Top of Records for the exercise

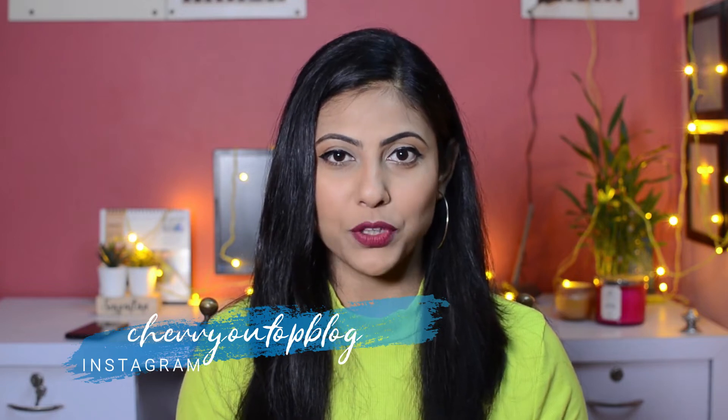Hi guys, welcome back to my channel! Today is unboxing day and I'm going to unbox my March Fab Bag with all of you. This month's bag is themed on Women's Day, which was on 8th March. On the back it says 'I Got This', which is the name of this month's Fab Bag. It's a cute little white pouch you can carry in your handbag when traveling. Let me see the cards first.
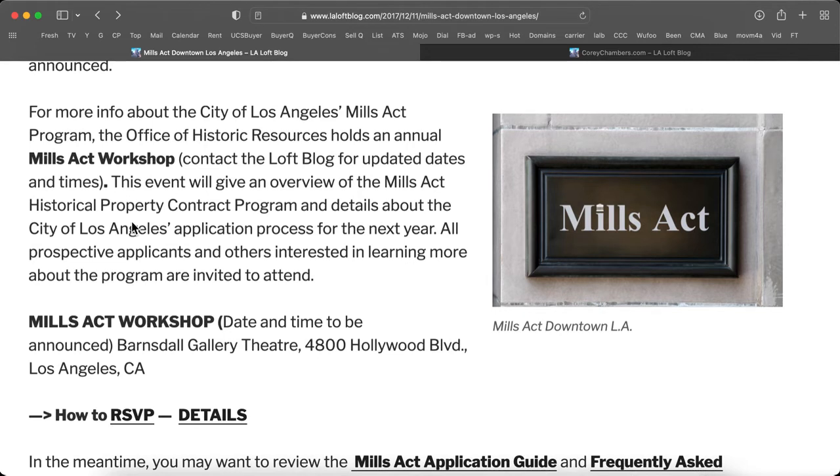For more information about the City of Los Angeles Mills Act Program, the Office of Historic Resources holds an annual Mills Act Workshop. Contact the LA Loft Blog for updated dates and times. This event will give an overview of the Mills Act Historical Property Contract Program and details about the City of Los Angeles application process for the next year.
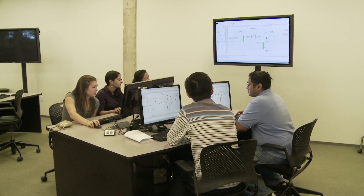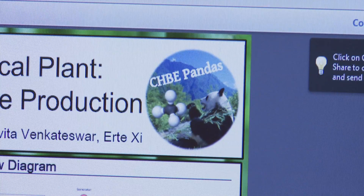Our team name was Chubby Pandas. Chubby stands for CHBE, which is Chemical and Biomolecular Engineering — it's just a play on words. We're based in the Sichuan Basin in China.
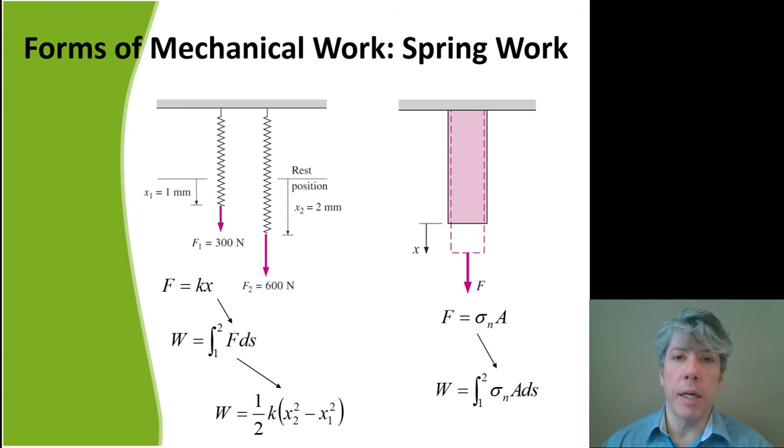There are other forms of mechanical work. Stretching or compressing a spring from its rest position: the force varies with displacement, so we integrate — since the spring force is k times x, integrating gives the spring work expression. Similarly, things we consider rigid (like columns of rebar) can be thought of as very stiff springs, and work is required to stretch them. That would be the integral of stress times area over distance, because stress times area equals force.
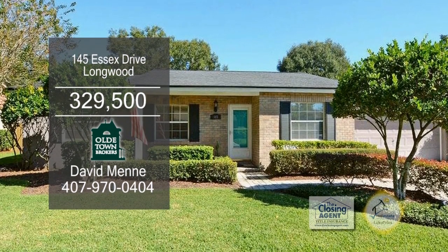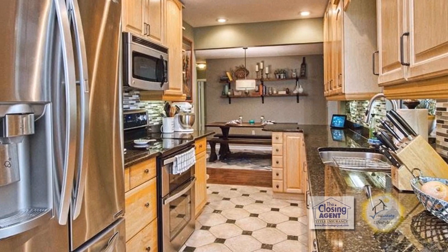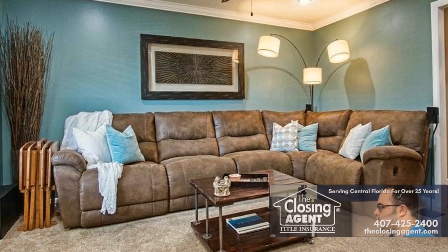This fantastic split floor plan offers three bedrooms and three baths. The updated kitchen has granite countertops and ceramic flooring. The kitchen is open to the dining area which leads into the family room.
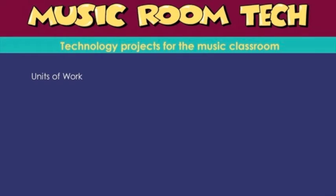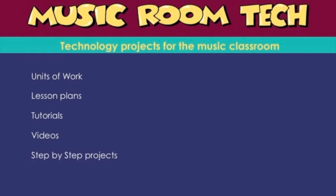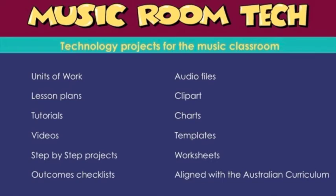Music Room Tech is my new series of step-by-step tutorials and resources provided to level you up and help you teach like a pro. Working with new technologies can be a bit scary, so let me guide you by breaking down the technology, stepping you through and having you digitally literate in no time, enjoying the magic of technology with your students.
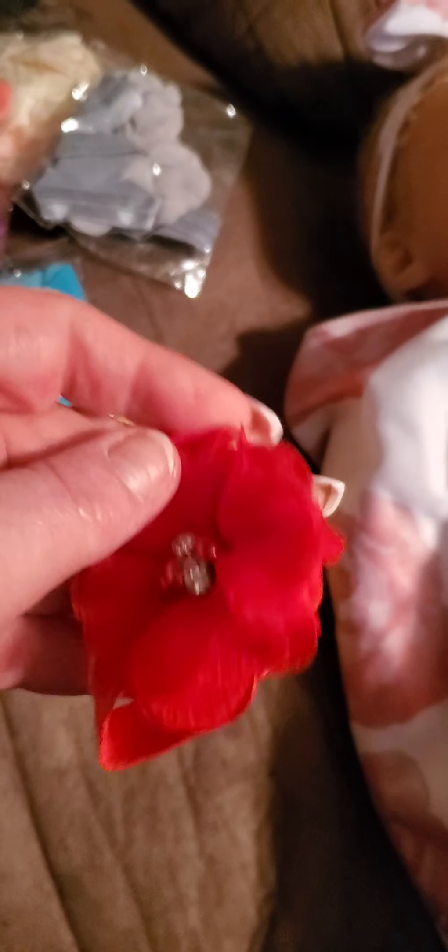So first we have these little bows. Here's the red one — it has diamonds and pearls in it. And this is the headband. And then it has the little feet sandal-like things that go with it.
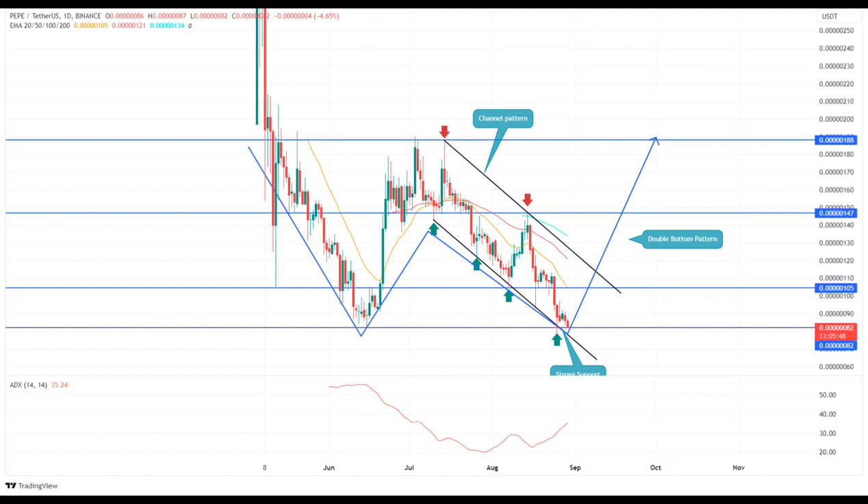Over the past five days, the frog-themed memecoin has been hovering above the monthly support of $0.000082. While the broader market uncertainty prevents coin buyers from a significant rebound, the lower price rejection in the daily candle reflects that rising demand pressure is intact.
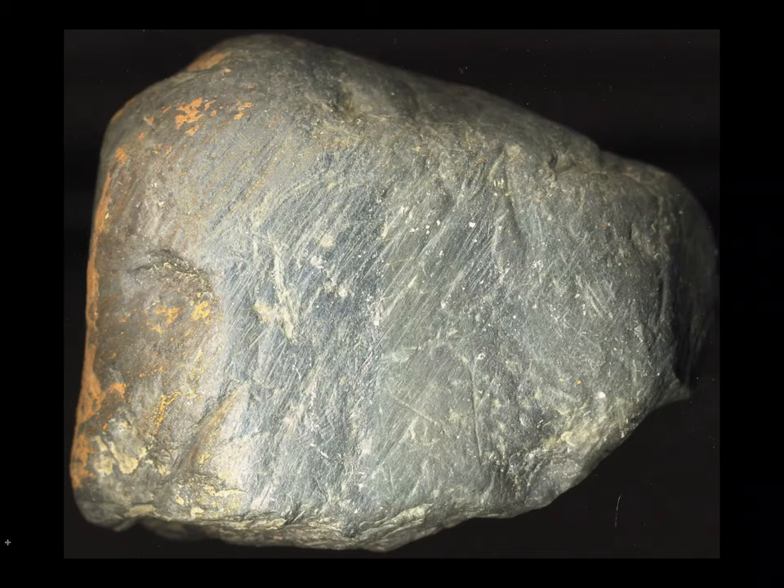Striated rocks from the Permian era are often found associated with the Permian deposits around Bacchus Marsh. The striated rock is from the bank of the Lerderdirk River near Mackenzie Flat Picnic Ground — an interesting message from the past of Bacchus Marsh.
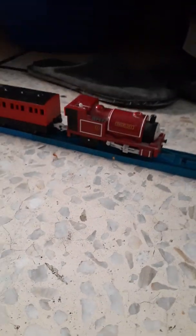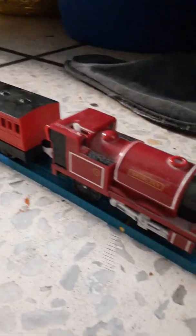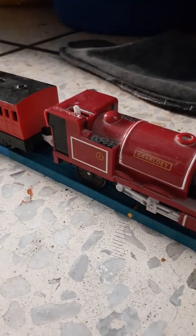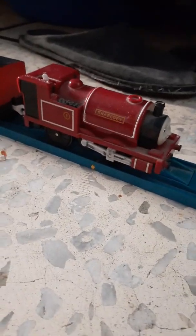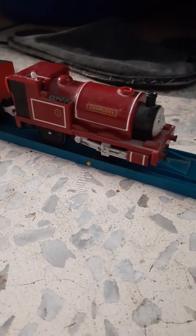This is my Trackmaster Fisher-Price Scarloey. He's a narrow-gauge engine. I painted his cabin doors to make him look more realistic. I like him very much — he's number one. I got him in 2011 with a cattle van.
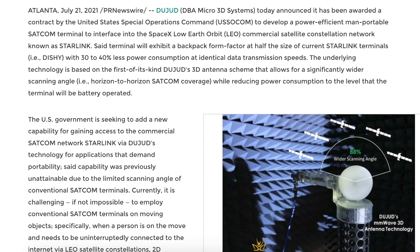There was an article posted in relation to Starlink. DBA Micro 3D Systems today announced it has been awarded a contract by the United States Special Operations Command to develop a power-efficient, man-portable SATCOM terminal to interface into the SpaceX Low Earth Orbit commercial satellite constellation network known as Starlink. Said terminal will exhibit a backpack form factor at half the size of current Starlink terminals with 30-40% less power consumption at identical data transmission speeds.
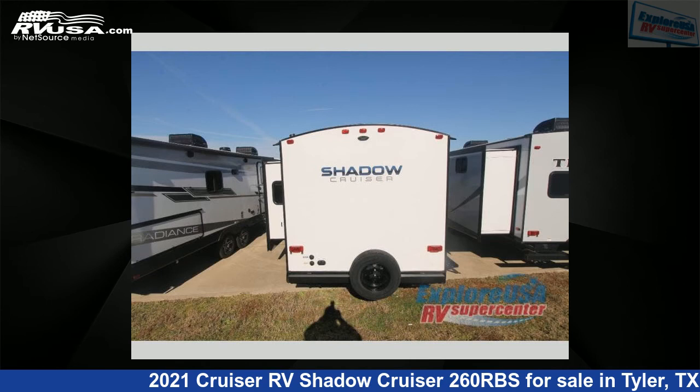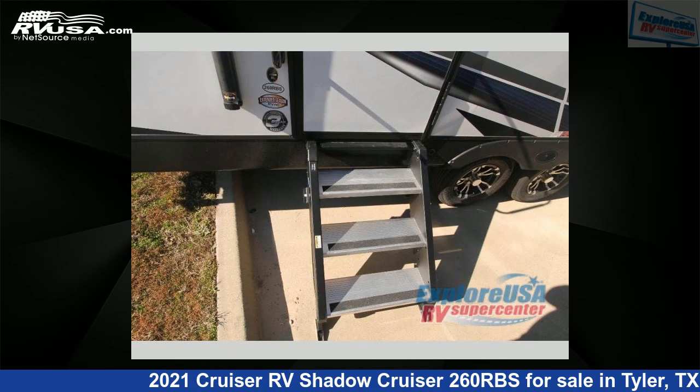This new Cruiser RV is 30 feet 0 inches in length and features one slide-out, sleeps five, and 44 gallons fresh water capacity.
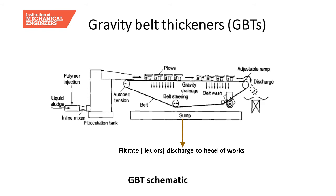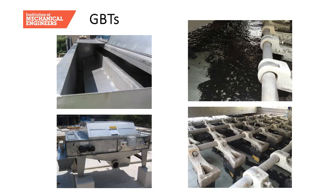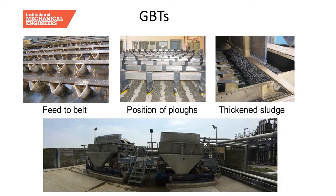Spray bars in the lower section clean the belt continuously — maintaining a clean belt is essential for performance. Belt speed can be adjusted: slower speed gives thicker sludge output. Photos show the flocculation chamber, the start of the belt with flocs suspended in water, an overview of the full unit, the ploughs distributing sludge, the adjustable ramp, and sludge backing up before dropping into the hopper.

Bottom of Records for the exercise

**Problem details**
Say again, word for word, the lines beginning at the top of the data and ending with the line that has "This fantastic split". Skip the pictures.

**Written answer**
Hi guys, welcome back to my channel! Today is unboxing day and I'm going to unbox my March Fab Bag with all of you. This month's bag is themed on Women's Day, which was on 8th March. On the back it says 'I Got This', which is the name of this month's Fab Bag. It's a cute little white pouch you can carry in your handbag when traveling. Let me see the cards first.
For more information about the City of Los Angeles Mills Act Program, the Office of Historic Resources holds an annual Mills Act Workshop. Contact the LA Loft Blog for updated dates and times. This event will give an overview of the Mills Act Historical Property Contract Program and details about the City of Los Angeles application process for the next year.
Our team name was Chubby Pandas. Chubby stands for CHBE, which is Chemical and Biomolecular Engineering — it's just a play on words. We're based in the Sichuan Basin in China.
There are other forms of mechanical work. Stretching or compressing a spring from its rest position: the force varies with displacement, so we integrate — since the spring force is k times x, integrating gives the spring work expression. Similarly, things we consider rigid (like columns of rebar) can be thought of as very stiff springs, and work is required to stretch them. That would be the integral of stress times area over distance, because stress times area equals force.
This fantastic split floor plan offers three bedrooms and three baths. The updated kitchen has granite countertops and ceramic flooring. The kitchen is open to the dining area which leads into the family room.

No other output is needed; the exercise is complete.